Atalarımızın söylediği şu söz nasılda durumu özetliyor: Davulcu osuruğu kadar hükmü yok derlerdi değersiz gördükleri kişilerin sözlerine.
Karşısındakini değersizleştirmek hatta onu yok saymak için kullanılan bu söz, galiba günümüzde de rağbet görüyor ne dersiniz?
Toplumsal baskının katmanlarında kendi payına düşeni alanların yanında bir de özgüven patlamasıyla naralar atanlar var ya hani, işte bütün sinir uçlarına sirayet eden iç savaşlar çıkarıyorlar bünyede.
Nasıl ki kurgulanarak rotası çiziliyorsa geleceğin, işte bu yaşamsal döngüden geçiş yapan biz canlılarda bu kurguya tam da istenildiği gibi uyum sağlıyoruz.
Başımızda cehennem zebanilerinden çok daha acımasızları nöbet tutuyor.
Dünyanın içindeki adaletsizliğe, eşitsizliğe dolambaçlı yollardan vurgular yapıyoruz güya.
Bunu bir de vaktinde yapabilmeyi becerebilseydik, bu denli acımasız süreçlere gebe kalmazdı kim bilir dünya.
Kendini diğerlerinden daha cesaretli sananlar ipi göğüslüyor kısacası. Olanlar değil bakın, sananlar yapıyor bu işi.
Kendinin bir diğerinde daha akıllı, daha duyarlı, daha aydın olarak görenler ise cehaletin karanlığında, baskısında kaybolup gidiyor.
Yaşamak nefes alıp vermekten ibaret değil ki.

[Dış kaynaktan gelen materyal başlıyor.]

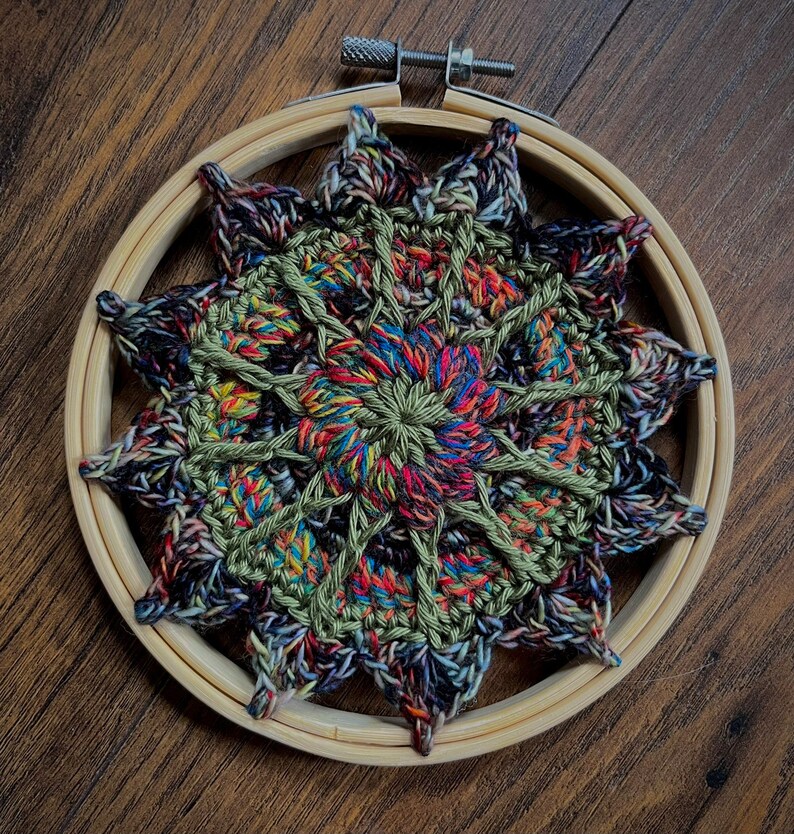 May include: A colorful crocheted mandala with a green, red, blue, and black color scheme is displayed in a wooden embroidery hoop.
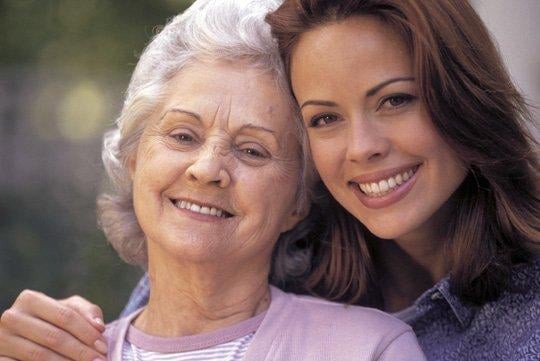 A grandmother and granddaughter smiling together outdoors.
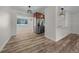 Open-concept living space with wood-look flooring, modern lighting, and stainless steel refrigerator at 14476 Sw 43Rd Court Rd, Ocala, FL 34473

Güzelliklerden nasiplenememek, bahşedilen akla sahip çıkamamak, yanlışa dur diyememek, hakkını savunamamak.
Bütün bunların bedelini erkenden ölerek ödüyoruz. İnsanın kalbi kanıyor yahu. Hiddetin, şiddetin yokluğun yoksunluğun elinde oyuncak ediyorlar ya, vallahi insanın kalbi kanıyor.